No sé, pero por aquello del amor a las palabras de las que hablábamos al principio, la palabra “sacrificio” tiene una connotaciones religiosas y cristianas que aborrezco. Los poetas estamos condenados a la palabra. Y es una condena que, en ocasiones, vivimos con alegría y otra con profunda decepción. Las palabras son los ladrillos de nuestros edificios poéticos. En este sentido, mi palabra poética está abriéndose en estos últimos tiempos a nuevas experiencias, antes no abordadas en mi obra. Frente a la imagen barroca –con tonos surrealistas– que estaba en la base de mi poética, ahora me decanto más por la expresión clara, directa, por el peso de los verbos frente a la floritura de los adjetivos; frente a los temas universales me atraen ahora más la cotidianidad, esa vida, esa reflexión que se deja entrever en los pequeños gestos, en las diminutas acciones de nuestro momento; y frente al verso libre, ese especio de libertad poética en que me he movido, ahora busco el endecasílabo como forma de expresión… ¿Son acaso sacrificios?
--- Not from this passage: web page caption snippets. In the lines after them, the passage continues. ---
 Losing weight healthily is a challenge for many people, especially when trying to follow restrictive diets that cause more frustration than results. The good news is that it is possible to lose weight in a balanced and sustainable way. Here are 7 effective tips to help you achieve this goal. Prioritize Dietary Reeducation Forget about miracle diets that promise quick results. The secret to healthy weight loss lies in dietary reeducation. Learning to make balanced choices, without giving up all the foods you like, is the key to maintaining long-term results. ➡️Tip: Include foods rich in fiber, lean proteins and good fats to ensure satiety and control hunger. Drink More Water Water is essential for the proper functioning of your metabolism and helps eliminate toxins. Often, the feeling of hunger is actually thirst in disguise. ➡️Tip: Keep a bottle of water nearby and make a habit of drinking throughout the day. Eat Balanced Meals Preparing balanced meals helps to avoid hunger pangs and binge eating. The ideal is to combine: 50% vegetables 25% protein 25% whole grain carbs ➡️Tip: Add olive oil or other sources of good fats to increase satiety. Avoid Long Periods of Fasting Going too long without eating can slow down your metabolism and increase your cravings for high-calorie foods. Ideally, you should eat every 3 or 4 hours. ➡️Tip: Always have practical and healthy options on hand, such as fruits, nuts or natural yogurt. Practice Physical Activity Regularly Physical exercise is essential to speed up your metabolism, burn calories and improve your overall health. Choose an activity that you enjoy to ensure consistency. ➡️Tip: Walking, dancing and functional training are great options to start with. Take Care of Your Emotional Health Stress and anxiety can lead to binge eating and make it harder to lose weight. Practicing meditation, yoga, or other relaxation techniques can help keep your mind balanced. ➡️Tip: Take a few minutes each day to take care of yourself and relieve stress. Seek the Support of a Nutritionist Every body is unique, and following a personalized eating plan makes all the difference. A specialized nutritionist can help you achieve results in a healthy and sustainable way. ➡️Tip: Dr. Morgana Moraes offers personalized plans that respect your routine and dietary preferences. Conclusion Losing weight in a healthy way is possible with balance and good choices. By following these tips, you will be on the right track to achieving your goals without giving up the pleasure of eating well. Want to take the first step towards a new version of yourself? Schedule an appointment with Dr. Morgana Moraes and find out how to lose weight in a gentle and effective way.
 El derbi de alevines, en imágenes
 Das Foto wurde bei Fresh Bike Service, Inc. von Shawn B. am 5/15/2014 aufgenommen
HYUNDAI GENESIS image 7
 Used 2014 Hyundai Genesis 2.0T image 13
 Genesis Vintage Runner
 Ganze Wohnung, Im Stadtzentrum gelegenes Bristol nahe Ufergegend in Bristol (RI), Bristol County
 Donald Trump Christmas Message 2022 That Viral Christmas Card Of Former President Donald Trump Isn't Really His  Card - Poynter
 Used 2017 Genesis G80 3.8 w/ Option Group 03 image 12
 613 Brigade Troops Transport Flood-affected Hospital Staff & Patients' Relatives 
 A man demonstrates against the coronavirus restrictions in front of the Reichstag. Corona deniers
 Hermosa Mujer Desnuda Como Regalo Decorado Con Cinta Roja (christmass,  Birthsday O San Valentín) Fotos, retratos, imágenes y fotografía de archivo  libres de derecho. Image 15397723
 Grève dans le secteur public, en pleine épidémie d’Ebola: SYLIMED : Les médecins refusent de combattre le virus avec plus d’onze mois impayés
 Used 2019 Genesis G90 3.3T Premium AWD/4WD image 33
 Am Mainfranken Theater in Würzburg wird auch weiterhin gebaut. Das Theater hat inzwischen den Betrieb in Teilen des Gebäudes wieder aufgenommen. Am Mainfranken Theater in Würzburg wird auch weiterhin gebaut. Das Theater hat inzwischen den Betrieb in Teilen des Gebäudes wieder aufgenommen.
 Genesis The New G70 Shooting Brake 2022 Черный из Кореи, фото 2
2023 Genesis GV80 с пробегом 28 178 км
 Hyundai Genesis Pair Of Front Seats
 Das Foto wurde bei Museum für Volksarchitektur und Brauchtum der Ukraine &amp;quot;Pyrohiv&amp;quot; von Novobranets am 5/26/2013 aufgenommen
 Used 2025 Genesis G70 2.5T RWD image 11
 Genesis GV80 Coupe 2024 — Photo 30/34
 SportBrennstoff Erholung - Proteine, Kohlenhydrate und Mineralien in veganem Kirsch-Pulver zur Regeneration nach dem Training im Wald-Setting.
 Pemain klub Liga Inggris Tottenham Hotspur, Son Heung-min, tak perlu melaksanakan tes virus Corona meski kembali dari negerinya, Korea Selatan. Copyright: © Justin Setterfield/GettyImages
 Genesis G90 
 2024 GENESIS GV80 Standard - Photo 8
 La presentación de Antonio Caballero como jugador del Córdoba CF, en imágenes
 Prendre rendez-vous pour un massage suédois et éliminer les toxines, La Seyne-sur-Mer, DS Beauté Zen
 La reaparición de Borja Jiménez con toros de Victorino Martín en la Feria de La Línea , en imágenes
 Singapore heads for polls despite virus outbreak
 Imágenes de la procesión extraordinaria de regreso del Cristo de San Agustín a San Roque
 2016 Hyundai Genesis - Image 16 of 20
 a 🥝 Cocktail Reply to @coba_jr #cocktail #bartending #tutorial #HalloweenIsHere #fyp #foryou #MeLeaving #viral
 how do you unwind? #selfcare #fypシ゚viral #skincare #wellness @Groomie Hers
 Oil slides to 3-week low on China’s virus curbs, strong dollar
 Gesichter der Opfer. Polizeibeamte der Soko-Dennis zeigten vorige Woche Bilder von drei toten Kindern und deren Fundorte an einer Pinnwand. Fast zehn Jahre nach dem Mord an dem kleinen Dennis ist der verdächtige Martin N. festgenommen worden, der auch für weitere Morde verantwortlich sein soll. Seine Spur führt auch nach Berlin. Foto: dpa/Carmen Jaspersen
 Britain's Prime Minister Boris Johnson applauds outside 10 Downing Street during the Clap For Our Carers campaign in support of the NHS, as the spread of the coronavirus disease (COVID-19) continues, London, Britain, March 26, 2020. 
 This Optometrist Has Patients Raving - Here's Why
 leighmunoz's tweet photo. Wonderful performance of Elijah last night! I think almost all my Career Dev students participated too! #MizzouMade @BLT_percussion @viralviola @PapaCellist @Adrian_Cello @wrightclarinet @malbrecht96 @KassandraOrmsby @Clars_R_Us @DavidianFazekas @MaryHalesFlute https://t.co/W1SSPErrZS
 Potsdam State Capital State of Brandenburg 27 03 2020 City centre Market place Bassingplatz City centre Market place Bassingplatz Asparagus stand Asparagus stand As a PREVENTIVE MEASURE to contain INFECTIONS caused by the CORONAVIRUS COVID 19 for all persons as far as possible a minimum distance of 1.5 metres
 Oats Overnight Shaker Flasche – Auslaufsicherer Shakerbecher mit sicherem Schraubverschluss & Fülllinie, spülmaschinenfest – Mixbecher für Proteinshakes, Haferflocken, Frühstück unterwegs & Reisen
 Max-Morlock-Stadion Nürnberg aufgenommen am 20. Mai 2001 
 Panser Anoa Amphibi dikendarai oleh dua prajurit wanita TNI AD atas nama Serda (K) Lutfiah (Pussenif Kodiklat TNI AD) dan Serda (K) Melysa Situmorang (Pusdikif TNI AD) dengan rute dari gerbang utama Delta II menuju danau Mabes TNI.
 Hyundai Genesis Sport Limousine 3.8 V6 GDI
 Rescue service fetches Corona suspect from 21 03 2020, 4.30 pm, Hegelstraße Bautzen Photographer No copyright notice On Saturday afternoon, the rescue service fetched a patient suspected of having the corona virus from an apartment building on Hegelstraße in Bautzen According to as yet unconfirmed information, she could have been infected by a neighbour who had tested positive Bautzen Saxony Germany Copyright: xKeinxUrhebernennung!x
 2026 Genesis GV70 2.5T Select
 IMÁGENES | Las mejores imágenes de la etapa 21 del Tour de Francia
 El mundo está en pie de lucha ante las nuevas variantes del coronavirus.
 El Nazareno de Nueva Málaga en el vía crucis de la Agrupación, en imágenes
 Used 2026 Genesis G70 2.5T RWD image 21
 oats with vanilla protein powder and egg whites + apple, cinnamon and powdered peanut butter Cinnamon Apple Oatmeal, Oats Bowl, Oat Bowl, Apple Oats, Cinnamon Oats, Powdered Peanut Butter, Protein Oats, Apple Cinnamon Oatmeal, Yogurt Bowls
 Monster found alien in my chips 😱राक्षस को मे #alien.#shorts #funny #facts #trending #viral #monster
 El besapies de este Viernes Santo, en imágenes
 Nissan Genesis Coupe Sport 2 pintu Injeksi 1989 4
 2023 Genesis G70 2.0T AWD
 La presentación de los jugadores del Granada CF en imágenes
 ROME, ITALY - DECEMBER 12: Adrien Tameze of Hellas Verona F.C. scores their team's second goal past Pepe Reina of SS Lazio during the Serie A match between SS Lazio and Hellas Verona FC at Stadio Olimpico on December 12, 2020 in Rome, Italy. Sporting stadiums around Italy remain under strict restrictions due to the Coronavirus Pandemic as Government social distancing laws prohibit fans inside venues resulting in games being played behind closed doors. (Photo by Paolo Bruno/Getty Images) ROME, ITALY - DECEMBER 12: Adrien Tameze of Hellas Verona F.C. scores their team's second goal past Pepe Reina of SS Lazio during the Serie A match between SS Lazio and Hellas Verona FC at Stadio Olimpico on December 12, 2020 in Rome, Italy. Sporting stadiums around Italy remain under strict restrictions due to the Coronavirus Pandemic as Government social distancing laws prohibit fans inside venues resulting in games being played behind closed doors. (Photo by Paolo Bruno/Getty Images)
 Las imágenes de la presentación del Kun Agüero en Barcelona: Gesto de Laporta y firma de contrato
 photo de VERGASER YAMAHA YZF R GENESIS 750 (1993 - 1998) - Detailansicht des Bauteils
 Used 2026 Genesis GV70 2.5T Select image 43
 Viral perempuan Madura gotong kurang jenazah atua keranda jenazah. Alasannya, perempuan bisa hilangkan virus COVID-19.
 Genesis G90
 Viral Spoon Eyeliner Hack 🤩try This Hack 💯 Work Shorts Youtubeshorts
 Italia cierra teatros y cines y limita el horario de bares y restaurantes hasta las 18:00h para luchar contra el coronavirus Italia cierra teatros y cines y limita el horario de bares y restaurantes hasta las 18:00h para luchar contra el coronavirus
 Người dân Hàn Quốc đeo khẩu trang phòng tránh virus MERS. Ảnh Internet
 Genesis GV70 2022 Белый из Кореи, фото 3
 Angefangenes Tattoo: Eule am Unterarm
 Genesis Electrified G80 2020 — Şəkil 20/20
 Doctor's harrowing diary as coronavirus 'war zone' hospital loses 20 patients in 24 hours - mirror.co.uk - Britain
Quizás. Pero yo los vivo como desafíos. El desafío de intentar comprenderme en un mundo del que me siento cada vez más ajeno. En ocasiones me siento más cercano en el diálogo con Petrarca, con Garcilaso de la Vega o con Cervantes antes que con algunos de mis coetáneos. En situaciones tan particulares como la actual, en que nos sentimos amenazados como especie por haber sido demasiado agresivos con nuestro entorno natural, sale lo mejor y lo peor de nosotros mismos. La poesía tiene que estar atenta a este variado universo de voces, ser notario de nuestro tiempo, aunque, en ocasiones, nos resulte a muchos tan lejano de nuestro sueños, de las geografías de nuestros deseos.